函館市の特別養護老人ホーム「恵楽園」に勤務していた元職員が、おととし、施設内での不適切な身体拘束などの虐待行為を市に内部通報したあと、懲戒解雇されたことをめぐり起こしたもので、運営法人に対し、解雇の無効のほか慰謝料や未払い賃金など980万円余りの支払いを求めていました。
裁判で運営法人側は「懲戒解雇は原告によるパワハラを理由にしたものだ」とした上で、「内部通報は関係ない」などとして、訴えを退けるよう求めていました。
8日の判決で函館地方裁判所の五十嵐浩介裁判長は、内部通報を理由とした懲戒解雇は違法だとして慰謝料を求める請求について、「運営法人側が解雇を決定した時点で通報の存在を認識していたとは認められない」として運営法人側の賠償責任を否定しました。
一方で、五十嵐裁判長は、「原告の行為の中には懲戒事由に該当しうるものもあるが、最も重い懲戒解雇とするには客観的で合理的な理由があるとはいえない」などとして運営法人側の懲戒解雇処分を無効とする判決を言い渡しました。
その上で、運営法人側に対して、月額給与や期末手当として未払分や将来分の賃金などを支払うよう命じました。
8日の判決のあと、原告側が札幌市内で会見を開きました。
この中で、原告の女性は、「施設は再発防止策を徹底し、入居者のために尊厳と命を守るための抜本的な改善をすべきです。

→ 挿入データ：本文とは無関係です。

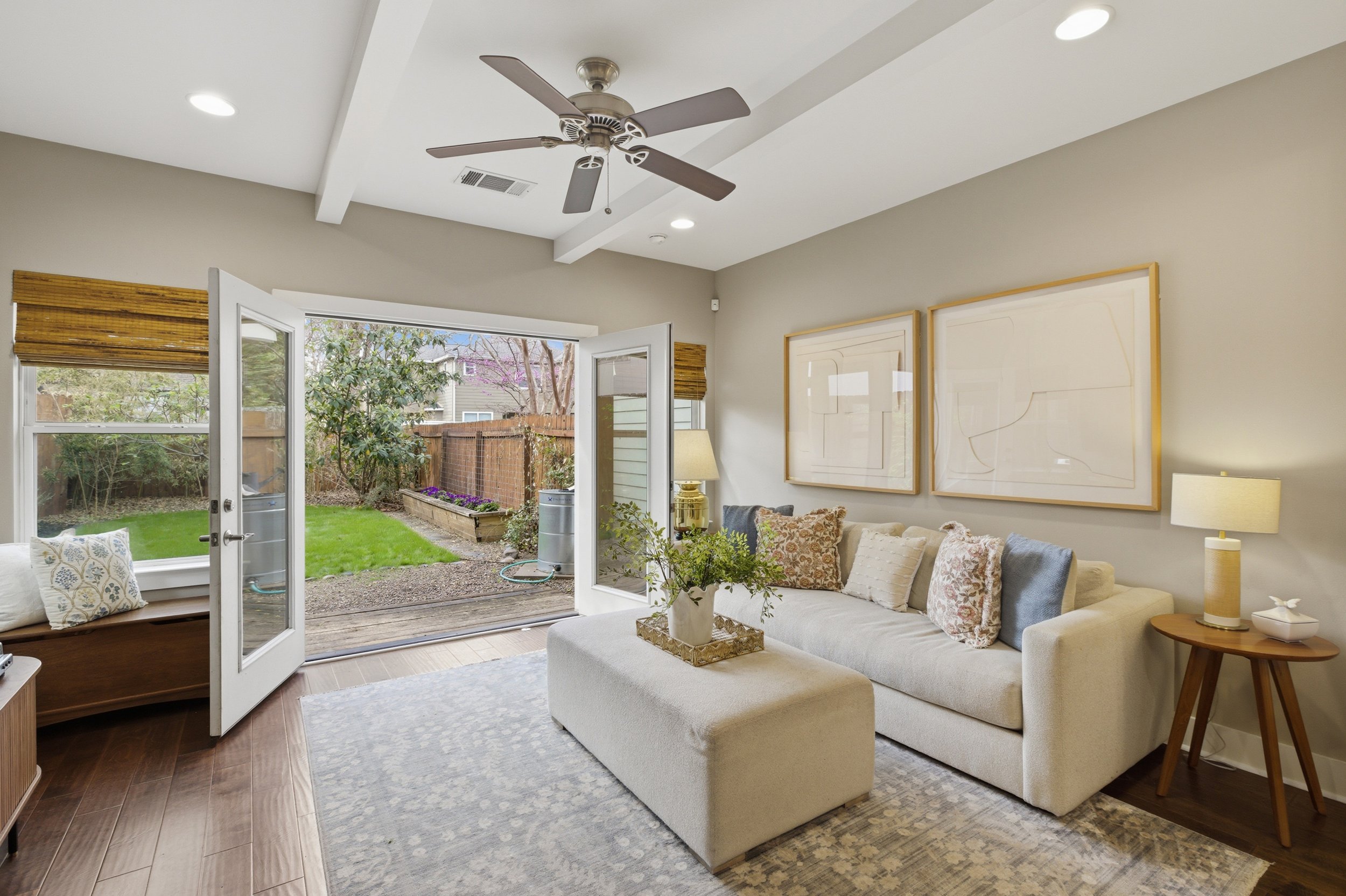 Bright open-concept living room in Brentwood Austin TX condo with large windows and French doors to backyard.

そして、行政にも監査と指導の強化を強く求めます。声を上げた者が潰される社会ではなく、声を上げた者が守られる社会であることを望みます」と涙ながらに話しました。
一方で、原告の市への内部通報が懲戒解雇の理由ではなく、損害賠償請求が認められなかった点について、「解雇されたのは報復としか思えない対処だったので、不利益な取り扱いが認められなかったのは残念です」と話しました。
弁護団の倉茂尚寛弁護士は「判決で通報を理由にした懲戒解雇であると認められなかった点に課題があると思う」と話しました。
判決について、函館市の特別養護老人ホーム「恵楽園」の運営法人は、NHKの取材に対して、「コメントは差し控えます」としています。